Des hommes armés ont enlevé vendredi à Beyrouth deux pilotes de la Turkish Airlines afin que leur pays contraigne les rebelles syriens à relâcher neuf chiites libanais qu'ils détiennent depuis mai 2012.

Peu après, la Turquie a appelé ses citoyens à quitter le Liban et à ceux comptant s'y rendre d'annuler leur voyage «sauf impératif vital».

Selon une source de sécurité, quatre hommes armés à bord de deux voitures ont participé à l'enlèvement des deux ressortissants turcs qui se trouvaient dans un bus se rendant de l'aéroport vers un hôtel en ville. Les sept autres passagers sont repartis vers Istanbul dans l'après-midi.

«Les hommes armés ont affirmé aux membres d'équipage que ce rapt était lié à la situation des otages libanais» en Syrie, a expliqué à l'AFP l'ambassadeur de Turquie à Beyrouth, Inan Ozyildiz.

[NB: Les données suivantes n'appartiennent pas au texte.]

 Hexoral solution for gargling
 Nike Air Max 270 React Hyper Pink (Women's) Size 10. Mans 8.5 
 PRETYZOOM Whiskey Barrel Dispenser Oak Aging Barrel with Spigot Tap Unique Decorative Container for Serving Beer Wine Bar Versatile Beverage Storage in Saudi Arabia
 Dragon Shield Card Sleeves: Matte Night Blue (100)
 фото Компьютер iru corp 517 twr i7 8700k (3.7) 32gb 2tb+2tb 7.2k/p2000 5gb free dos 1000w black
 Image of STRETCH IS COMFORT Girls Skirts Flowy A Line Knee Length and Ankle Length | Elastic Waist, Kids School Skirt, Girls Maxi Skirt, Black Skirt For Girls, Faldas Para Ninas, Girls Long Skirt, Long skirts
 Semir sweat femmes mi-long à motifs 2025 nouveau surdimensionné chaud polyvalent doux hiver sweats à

D'après une source gouvernementale libanaise, alors qu'un accord prévoyait que tous les captifs libanais soient libérés ces jours-ci, pour la fête de l'Aïd el-Fitr, qui marque la fin du mois du ramadan, les ravisseurs sont revenus sur leurs engagements, ne comptant libérer que deux otages libanais contre 134 femmes relâchées par le régime de Damas. Les autorités syriennes avaient accepté de libérer ces prisonnières à la demande des Libanais.

L'enlèvement des pilotes turcs a eu lieu dans une zone majoritairement chiite, contrôlée par les mouvements Amal et Hezbollah.

Le ministre libanais de l'Intérieur Marwane Charbel a annoncé à l'AFP qu'une enquête avait été ouverte et que le conducteur du bus était interrogé.

Le chef de la diplomatie turque Ahmet Davutoglu s'est entretenu au téléphone avec le premier ministre libanais Najib Mikati et le président du Parlement et chef du mouvement Amal Nabih Berri, a indiqué le ministère turc des Affaires étrangères.

Le ministère a souligné attendre du gouvernement libanais qu'il prenne «toutes les mesures pour la sécurité des citoyens (turcs) vivant au Liban».

«Lors de ma conversation avec M. Davutoglu, j'ai condamné cet acte et je lui ai dit que nous faisons tout notre possible pour identifier les ravisseurs et pour libérer» les pilotes, a déclaré de son côté M. Mikati à l'AFP.

«Je lui ai précisé que nous menons tous les contacts sécuritaires nécessaires, notamment après que les familles des otages (libanais, NDLR) ont démenti toute implication dans ce rapt», a-t-il ajouté.

Cependant, Hayat Aawali, l'épouse d'un des otages détenus en Syrie, a affirmé à la télévision: «Nous condamnons en principe les enlèvements, mais dans ce cas précis, nous le soutenons et nous félicitons ceux qui l'ont fait. Nous les remercions car (...) nous ne pouvions pas le faire nous-mêmes».

Dans un communiqué montré sur une chaîne libanaise, mais dont l'authenticité n'a pu être confirmée, un groupe inconnu jusqu'à présent, le «groupe des visiteurs de l'imam Ali al-Rida», a revendiqué le rapt.

Cet imam est le huitième vénéré par les chiites (766-818) et le seul à être enterré en Iran. C'est au retour d'une visite sur sa tombe que les pèlerins libanais chiites ont été enlevés à Azaz, dans le nord de la Syrie. Les femmes du groupe ainsi que deux hommes avaient ensuite été libérés.

L'enlèvement avait été revendiqué par un homme se présentant comme Abou Ibrahim et se disant membre de l'Armée syrienne libre (ASL, rebelles), mais l'ASL avait alors nié toute implication.

«Nous annonçons que le capitaine Murat Akpinar et son copilote Murat Agca sont nos invités jusqu'à la libération de nos frères, qui après avoir visité les lieux saints (chiites en Iran) ont été kidnappés à Azaz. La Turquie est directement responsable de la liberté» des otages libanais, a affirmé le groupe.

À la suite de ce rapt, des soldats libanais se sont déployés dans le secteur.

Les familles des personnes enlevées ont manifesté à plusieurs reprises devant les locaux de Turkish Airlines à Beyrouth, appelant Ankara à user de son influence auprès des rebelles qu'elle soutient face au régime de Damas pour obtenir la libération de leurs proches.

Selon leurs ravisseurs, les otages libanais sont des membres du Hezbollah, qui combat aux côtés des forces gouvernementales contre les rebelles syriens.

Le Liban subit les contrecoups de la guerre en Syrie avec des violences fréquentes à la frontière et une montée des tensions communautaires.